#### WHAT THE EXERCISE ASKS
Check each line of the listing for the word "with" and report the ones that have it.

- Opening Delimiter -

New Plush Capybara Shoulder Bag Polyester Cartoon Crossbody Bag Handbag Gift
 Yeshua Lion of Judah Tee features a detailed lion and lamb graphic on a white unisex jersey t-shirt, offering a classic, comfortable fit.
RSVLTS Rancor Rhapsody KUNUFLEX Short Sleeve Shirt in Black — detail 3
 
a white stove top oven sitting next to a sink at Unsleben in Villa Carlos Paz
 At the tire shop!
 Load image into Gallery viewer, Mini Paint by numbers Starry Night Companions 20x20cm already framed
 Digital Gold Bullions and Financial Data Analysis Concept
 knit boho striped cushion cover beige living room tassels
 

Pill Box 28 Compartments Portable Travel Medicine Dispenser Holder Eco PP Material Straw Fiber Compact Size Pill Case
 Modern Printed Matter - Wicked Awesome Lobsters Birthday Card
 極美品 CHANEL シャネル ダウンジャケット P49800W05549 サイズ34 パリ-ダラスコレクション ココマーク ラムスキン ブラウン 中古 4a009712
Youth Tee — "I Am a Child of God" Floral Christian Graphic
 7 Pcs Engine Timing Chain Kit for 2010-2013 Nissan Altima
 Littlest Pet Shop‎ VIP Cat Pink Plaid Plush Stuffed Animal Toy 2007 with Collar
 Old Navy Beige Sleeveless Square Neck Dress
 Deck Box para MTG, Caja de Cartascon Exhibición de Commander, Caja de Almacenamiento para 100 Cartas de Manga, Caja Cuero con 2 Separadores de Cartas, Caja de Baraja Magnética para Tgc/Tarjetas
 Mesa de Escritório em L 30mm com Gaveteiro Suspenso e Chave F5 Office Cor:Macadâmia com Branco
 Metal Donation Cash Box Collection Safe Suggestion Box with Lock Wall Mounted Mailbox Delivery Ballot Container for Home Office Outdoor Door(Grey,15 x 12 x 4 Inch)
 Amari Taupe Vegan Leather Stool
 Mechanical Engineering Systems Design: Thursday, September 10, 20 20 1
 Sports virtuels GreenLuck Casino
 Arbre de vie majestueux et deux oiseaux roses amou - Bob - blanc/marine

- Closing Delimiter -

#### WRITTEN ANSWER
 Littlest Pet Shop‎ VIP Cat Pink Plaid Plush Stuffed Animal Toy 2007 with Collar
 Metal Donation Cash Box Collection Safe Suggestion Box with Lock Wall Mounted Mailbox Delivery Ballot Container for Home Office Outdoor Door(Grey,15 x 12 x 4 Inch)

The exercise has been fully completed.